To publicly commend the initiative, and to ensure that policies are in place to shape the physical and social components of downtown development, Urban Ecology released an open letter to Mayor Brown in December 1999. The letter calls for a transit-first policy for downtown, a program of development fees to build and maintain public parks, and an inclusionary zoning ordinance that would require 10% of all newly developed units to be priced affordably to residents at 80% or less of Oakland’s median household income.

Unlike Oakland, many Bay Area cities are planning the majority of their development in single-family, low-density homes on the edge of existing suburbs. The region faces a 250% rise in congestion, and 490,525 acres of agricultural land and open space are at risk of development. Transit ridership is projected to decline-leaving little hope for the region’s worsening air quality.

While demonstrating support, Urban Ecology has asked Brown to do more to allow public participation in crafting policies that will ultimately determine the downtown’s character. Oakland’s General Plan, while approved in 1998, sets only broad guidelines for land use and development. It contains no urban design guidelines, which would establish parameters for building height and bulk, the relationship of building facades to the street, and the look and feel of downtown streets themselves-the width of sidewalks and roads, the benches and features for public use, the prioritization of transportation modes. The General Plan also lacks strong recommendations-backed up by programs-to create public open space as downtown grows more populous.

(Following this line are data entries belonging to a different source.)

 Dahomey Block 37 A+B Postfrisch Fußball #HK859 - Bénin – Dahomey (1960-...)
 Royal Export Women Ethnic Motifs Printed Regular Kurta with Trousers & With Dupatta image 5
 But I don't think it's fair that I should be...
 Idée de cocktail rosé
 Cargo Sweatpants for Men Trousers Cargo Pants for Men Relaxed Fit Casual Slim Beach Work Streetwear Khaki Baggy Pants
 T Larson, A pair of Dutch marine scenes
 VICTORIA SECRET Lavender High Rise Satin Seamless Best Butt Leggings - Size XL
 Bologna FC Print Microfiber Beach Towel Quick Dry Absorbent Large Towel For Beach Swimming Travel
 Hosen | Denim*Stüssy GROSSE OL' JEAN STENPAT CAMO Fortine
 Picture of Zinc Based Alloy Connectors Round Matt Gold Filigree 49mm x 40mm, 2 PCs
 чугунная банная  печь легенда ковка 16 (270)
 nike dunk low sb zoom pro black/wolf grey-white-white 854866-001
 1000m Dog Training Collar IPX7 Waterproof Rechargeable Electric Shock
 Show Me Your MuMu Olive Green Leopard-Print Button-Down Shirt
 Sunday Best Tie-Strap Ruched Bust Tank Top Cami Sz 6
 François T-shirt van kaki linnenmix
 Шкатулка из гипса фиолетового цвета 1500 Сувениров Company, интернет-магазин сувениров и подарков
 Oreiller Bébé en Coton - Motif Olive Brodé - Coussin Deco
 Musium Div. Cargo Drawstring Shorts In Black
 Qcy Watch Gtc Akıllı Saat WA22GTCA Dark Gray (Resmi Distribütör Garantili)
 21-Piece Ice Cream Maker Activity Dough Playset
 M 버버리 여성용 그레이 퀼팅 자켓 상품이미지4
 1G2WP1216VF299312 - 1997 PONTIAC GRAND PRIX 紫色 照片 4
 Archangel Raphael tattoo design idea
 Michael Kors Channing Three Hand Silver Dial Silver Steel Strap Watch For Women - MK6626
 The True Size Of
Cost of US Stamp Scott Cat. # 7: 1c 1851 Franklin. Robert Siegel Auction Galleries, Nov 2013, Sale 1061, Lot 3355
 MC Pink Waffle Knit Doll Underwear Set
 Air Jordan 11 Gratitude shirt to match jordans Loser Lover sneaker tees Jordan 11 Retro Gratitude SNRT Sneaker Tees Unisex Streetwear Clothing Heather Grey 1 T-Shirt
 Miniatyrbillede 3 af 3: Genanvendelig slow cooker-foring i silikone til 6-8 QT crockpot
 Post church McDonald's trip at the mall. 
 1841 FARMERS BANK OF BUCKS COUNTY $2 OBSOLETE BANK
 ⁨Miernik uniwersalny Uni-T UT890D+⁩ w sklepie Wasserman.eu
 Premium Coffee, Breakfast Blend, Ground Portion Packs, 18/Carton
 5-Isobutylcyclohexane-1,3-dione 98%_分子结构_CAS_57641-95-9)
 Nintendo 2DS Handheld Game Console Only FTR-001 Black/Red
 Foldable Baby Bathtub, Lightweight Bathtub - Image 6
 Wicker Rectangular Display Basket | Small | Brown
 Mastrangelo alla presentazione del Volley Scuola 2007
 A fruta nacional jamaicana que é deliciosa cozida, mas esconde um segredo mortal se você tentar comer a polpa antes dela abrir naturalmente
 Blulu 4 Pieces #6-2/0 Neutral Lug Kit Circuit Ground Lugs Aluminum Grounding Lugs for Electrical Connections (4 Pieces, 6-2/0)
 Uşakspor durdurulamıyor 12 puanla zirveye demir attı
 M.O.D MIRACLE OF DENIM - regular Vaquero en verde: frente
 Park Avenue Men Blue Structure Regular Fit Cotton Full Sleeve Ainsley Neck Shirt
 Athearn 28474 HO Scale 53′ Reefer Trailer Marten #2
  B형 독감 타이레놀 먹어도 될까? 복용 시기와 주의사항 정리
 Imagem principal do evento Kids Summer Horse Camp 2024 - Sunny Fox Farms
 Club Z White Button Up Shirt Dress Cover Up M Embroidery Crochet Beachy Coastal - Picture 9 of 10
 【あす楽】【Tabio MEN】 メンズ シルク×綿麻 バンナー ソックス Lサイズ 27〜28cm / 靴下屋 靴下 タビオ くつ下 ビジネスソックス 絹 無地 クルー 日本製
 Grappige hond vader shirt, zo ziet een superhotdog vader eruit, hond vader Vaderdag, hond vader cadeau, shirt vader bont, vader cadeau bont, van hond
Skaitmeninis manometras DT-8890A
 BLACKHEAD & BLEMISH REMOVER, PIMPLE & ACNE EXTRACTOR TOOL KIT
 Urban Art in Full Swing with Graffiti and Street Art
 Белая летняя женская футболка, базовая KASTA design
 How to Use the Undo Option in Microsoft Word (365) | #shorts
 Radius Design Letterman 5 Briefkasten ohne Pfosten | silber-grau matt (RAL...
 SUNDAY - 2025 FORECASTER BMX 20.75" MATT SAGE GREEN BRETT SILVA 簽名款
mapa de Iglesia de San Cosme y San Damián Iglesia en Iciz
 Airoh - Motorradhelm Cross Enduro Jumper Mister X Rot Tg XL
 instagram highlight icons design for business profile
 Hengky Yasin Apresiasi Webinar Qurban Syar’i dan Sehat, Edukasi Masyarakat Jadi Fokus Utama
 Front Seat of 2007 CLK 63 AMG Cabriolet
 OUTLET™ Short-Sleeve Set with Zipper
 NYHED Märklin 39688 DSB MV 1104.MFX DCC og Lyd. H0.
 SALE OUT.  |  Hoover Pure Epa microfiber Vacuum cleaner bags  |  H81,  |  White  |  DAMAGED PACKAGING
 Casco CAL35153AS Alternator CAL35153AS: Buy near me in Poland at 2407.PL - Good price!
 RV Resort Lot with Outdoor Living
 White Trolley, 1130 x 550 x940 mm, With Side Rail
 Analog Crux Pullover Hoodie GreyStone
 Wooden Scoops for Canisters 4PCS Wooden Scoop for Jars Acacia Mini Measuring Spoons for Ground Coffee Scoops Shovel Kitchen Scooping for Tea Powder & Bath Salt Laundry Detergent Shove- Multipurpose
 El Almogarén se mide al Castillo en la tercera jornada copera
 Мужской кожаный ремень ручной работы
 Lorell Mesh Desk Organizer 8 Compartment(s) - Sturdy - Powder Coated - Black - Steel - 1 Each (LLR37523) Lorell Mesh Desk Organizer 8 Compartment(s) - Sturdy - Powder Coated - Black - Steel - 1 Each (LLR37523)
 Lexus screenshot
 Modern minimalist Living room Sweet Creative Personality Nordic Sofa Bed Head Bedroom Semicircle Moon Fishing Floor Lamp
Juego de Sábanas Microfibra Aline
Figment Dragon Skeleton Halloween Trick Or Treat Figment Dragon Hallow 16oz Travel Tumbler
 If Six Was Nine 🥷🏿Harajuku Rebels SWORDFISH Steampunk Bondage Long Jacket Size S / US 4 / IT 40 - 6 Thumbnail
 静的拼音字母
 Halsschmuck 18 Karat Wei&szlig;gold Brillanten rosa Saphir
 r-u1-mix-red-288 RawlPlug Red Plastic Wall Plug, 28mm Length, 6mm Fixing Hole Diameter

Indeed, an assembly of neighborhood groups, affordable housing advocates, and preservationists has been brought to its feet by the expected sale of four city-owned properties to private developers. The proposals, which ranged in size from 3 to 22 stories and 90 to 234 units, faced a packed city council meeting in December 1999. Opponents complained about the height, bulk, density, and price range of the projects.

Affordable housing in particular poses a conundrum for every city and county in the Bay Area. Urban Ecology and other groups are working to build political will for affordable housing around the region, but few jurisdictions have policies that protect a portion of the housing market for the working poor or those fully dependent on subsidies. In the white-hot real estate market, even fewer are receptive to developing such programs.

Oakland, home to a proportionally larger poor population than much of the region, faces the problems of dwindling housing supply and diminishing federal subsidies with few affordable housing programs or policies. The city has taken some steps: Proceeds from the sale of the city-owned property last December will be placed in a trust fund to subsidize affordable housing units. (The expected $4.5 million can be leveraged with state and federal funds into ten times that amount, supporting 200 units of affordable housing.)

In part because of the local uproar, Urban Ecology urged Oakland’s political leaders to establish a means of public participation. The City of Oakland’s Housing Task Force was established in February 2000, and as a leading participant, Urban Ecology proposed several city-wide housing policies. The Task Force’s full package of policies — many of which establish housing policy for the first time ever in Oakland — was unanimously adopted by the City Council in July 2000.